Train shape: (1999, 3)
Test shape: (500, 3)


In [8]:
#2.4
def knn_reg(x_hat,gdf,K):
  squared_differences = (gdf[['year', 'mileage']].values - x_hat)**2
  distances = np.sqrt(squared_differences.sum(axis=1))
  neighbors = np.argsort(distances)[:K].tolist()
  y_star = gdf['price'].iloc[neighbors].tolist()
  y_hat = np.mean(y_star)
  return {'y_hat': y_hat, 'y_star':y_star, 'neighbors':neighbors}

**Q3.** This is a case study on $k$ nearest neighbor regression and imputation, using the `airbnb_hw.csv` data.

There are 30,478 observations, but only 22,155 ratings. We're going to build a kNN regressor to impute missing values. This is a common task, and illustrates one way you can use kNN in the future even when you have more advanced models available.

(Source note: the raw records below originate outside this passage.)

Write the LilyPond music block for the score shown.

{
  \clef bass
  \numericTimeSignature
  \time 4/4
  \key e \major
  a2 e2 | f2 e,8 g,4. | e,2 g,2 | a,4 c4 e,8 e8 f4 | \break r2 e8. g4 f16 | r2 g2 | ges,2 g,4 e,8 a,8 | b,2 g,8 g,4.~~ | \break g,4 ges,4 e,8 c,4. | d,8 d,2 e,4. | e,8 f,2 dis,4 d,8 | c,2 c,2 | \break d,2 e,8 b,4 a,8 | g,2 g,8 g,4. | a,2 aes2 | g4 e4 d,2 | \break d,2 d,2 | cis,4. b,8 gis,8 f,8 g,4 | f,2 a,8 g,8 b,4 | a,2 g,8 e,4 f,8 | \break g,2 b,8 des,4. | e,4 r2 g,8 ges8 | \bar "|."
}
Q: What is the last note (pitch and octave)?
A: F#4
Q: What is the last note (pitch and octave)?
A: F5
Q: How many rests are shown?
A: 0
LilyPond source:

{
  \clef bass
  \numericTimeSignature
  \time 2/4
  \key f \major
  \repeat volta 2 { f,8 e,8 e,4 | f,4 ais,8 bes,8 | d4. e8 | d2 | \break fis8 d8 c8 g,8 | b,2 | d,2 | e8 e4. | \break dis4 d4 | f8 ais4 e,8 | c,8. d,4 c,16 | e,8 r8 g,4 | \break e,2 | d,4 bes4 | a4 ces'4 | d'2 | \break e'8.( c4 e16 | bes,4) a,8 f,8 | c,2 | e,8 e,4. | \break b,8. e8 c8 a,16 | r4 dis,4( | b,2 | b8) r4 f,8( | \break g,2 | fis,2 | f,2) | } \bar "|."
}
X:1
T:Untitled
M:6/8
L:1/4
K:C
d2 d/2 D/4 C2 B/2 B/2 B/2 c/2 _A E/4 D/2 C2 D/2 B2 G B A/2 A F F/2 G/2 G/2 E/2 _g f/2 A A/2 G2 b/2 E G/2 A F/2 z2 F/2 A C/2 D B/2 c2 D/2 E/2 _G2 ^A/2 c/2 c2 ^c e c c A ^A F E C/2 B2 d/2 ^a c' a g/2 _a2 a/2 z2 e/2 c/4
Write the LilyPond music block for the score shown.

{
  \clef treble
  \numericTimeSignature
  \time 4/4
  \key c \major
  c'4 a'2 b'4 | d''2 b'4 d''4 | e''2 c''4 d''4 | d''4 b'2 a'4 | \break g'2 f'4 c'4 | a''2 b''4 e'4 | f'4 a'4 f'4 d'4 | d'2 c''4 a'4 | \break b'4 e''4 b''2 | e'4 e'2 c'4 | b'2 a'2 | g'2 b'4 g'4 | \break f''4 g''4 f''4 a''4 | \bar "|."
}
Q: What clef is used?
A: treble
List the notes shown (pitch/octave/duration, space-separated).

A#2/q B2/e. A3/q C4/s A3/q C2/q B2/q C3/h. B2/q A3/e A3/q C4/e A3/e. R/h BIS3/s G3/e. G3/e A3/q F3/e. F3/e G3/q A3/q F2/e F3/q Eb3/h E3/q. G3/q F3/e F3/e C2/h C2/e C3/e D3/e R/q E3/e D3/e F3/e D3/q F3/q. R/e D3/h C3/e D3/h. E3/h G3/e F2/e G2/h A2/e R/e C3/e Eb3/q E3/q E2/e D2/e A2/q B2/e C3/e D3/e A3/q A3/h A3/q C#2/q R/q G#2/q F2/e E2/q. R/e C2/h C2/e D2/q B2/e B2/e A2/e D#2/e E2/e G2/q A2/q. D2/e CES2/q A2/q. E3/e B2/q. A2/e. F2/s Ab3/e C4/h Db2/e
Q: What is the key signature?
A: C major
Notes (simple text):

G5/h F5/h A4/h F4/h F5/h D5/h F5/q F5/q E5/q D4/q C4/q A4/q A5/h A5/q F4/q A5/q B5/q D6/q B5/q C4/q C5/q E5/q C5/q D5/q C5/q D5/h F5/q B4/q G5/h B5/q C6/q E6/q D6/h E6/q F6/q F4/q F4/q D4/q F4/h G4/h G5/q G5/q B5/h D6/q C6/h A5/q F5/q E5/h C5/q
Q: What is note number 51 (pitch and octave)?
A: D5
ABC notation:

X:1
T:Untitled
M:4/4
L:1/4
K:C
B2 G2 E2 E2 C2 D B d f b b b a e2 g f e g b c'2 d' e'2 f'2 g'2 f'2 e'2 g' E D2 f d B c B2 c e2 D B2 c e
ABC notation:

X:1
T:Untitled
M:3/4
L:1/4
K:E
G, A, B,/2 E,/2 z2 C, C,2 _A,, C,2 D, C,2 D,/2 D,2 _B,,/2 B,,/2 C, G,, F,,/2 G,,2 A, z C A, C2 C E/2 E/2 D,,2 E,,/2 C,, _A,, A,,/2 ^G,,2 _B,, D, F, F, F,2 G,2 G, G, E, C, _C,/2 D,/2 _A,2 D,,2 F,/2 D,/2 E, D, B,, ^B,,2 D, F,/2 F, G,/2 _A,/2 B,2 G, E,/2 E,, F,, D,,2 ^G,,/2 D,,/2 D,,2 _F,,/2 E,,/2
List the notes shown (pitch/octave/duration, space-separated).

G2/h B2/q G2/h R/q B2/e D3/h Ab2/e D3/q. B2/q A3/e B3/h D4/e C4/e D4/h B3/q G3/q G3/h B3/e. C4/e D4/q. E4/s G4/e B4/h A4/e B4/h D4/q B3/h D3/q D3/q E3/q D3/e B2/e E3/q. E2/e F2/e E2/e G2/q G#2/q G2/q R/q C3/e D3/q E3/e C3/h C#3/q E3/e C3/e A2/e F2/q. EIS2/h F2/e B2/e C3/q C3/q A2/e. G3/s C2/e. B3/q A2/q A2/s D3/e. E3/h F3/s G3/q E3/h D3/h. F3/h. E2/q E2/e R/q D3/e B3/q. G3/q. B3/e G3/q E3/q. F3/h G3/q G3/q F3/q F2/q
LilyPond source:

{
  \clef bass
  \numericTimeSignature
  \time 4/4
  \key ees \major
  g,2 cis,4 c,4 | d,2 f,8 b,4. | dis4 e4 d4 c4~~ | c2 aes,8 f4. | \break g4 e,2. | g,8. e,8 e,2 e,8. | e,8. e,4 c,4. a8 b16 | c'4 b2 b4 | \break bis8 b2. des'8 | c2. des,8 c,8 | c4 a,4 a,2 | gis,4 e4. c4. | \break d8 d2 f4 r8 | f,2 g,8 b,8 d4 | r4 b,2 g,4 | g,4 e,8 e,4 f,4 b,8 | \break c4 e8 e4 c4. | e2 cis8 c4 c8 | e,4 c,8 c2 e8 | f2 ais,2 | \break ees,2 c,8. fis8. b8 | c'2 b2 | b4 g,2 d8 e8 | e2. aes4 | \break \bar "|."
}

1. Load the `airbnb_hw.csv` data with Pandas. We're only going to use `Review Scores Rating`, `Price`, and `Beds`, so use `.loc` to reduce the dataframe to those variables.
2. Set use `.isnull()` to select the subset of the dataframe with missing review values. Set those aside in a different dataframe. We'll make predictions about them later.
3. Use `df = df.dropna(axis = 0, how = 'any')` to eliminate any observations with missing values/NA's from the dataframe.
4. For the complete cases, create a $k$-NN model that uses the variables `Price` and `Beds` to predict `Review Scores Rating`. How do you choose $k$? (Hint: Train/test split, iterate over reasonable values of $k$ and find a value that minimizes SSE on the test split using predictions from the training set.)
5. Predict the missing ratings.
6. Do a kernel density plot of the training ratings and the predicted missing ratings. Do they look similar or not? Explain why.